Smith’s concern about the apparent disunity of Christianity was warranted. Christians must be “eager to maintain the unity of the Spirit in the bond of peace” (see Eph 4:3, ESV). The church is the bride of Christ (Eph 5:23), and he has only one bride, not many. Unity and love are the foundation on which our common faith rests (see John 13:35; 17:11). Despite spanning time and space, all Christians ought to affirm “one faith,” which is less a codified body of doctrines housed in an institution than it is the simple trust that sinners place in Christ alone for their salvation. Every true believer must affirm the simplicity of the faith that was “once delivered unto the saints” (Jude 3), which is this: the Lord Jesus Christ died for our sins, was buried for three days, and rose again before the apostles, all according to scripture (see 1 Cor 15:3–5). Believing this is “most important” (1 Cor 15:3, CSB) because rejecting Christ’s resurrection places one outside the community of faith. In other words, despite all appearances to the contrary, Christianity has always been (and will always be) the “one faith” of the crucified and resurrected Lord Jesus. To confess Christ as Lord and to believe in his resurrection is to be part of that “one faith” (see Rom 10:9), to be “sealed with that holy Spirit of promise” (Eph 1:13). “Whoever has the Holy Spirit is in the church,” said Augustine.
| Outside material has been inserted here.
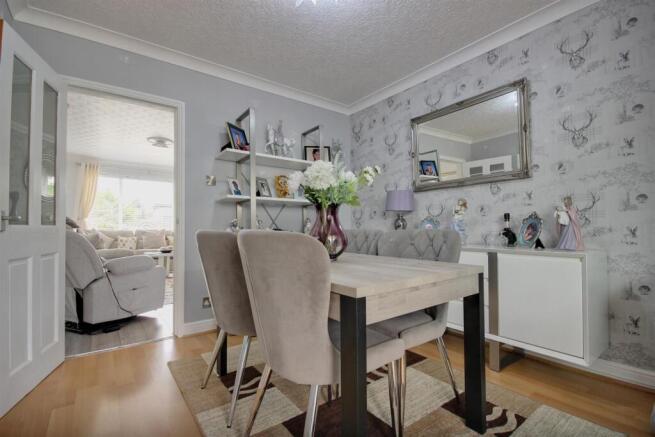 DINING/SITTING ROOM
The invisible church is not bound together by polity or creeds but by the lordship of the resurrected Son of God, whose authority does not recognize our confessional borderlines or institutional walls. As German theologian Jürgen Moltmann explained, “Where so far as Christ rules, there, consequently, the church is to be found.” Christ is the unifying authority of mere Christianity, the landlord of C. S. Lewis’ great hall of faith “out of which doors open into several rooms,” or different Christianities. All rooms are connected by the great hall, a corridor of common confessions to core beliefs, but “it is in the rooms, not in the hall, that there are fires and chairs and meals. The hall is a place to wait in, a place from which to try the various doors, not a place to live in.” So Christians are encouraged to settle in the room of a church while also recognizing that they share a roof with the neighboring churches around them, all of whom live in—and, better, all of whom are—the house of the Lord (see Matt 16:18; 1 Cor 3:16; 6:19; 2 Cor 6:16). “Just as there are many rays of the sun but one light,” so there are many churches but one faith, taught Cyprian, a third-century theologian. In other words, institutional disunity does not reflect disunity of the faith, as Smith apparently feared.
Besides, Mormonism also suffers from division. A handful of branches sprouted during Smith’s life, and his movement suffered severe fragmentation after his death. Today, the original Church he founded in 1830 has split into hundreds of groups with thousands of members. Mormonism is no monolith. It is better understood as a collection of Mormonisms, with each group calling the other to return to the “true” church. Perhaps it is wisest for those who worship in glass churches not to cast stones. Instead, we ought to recognize that strife and division is often rooted in pride, which is common to all people, whether they are traditional Christians or Latter-day Saints. May we all humbly retreat into Christ’s high priestly prayer for unity through what is most important to his faith.
The print edition will, naturally, include citations.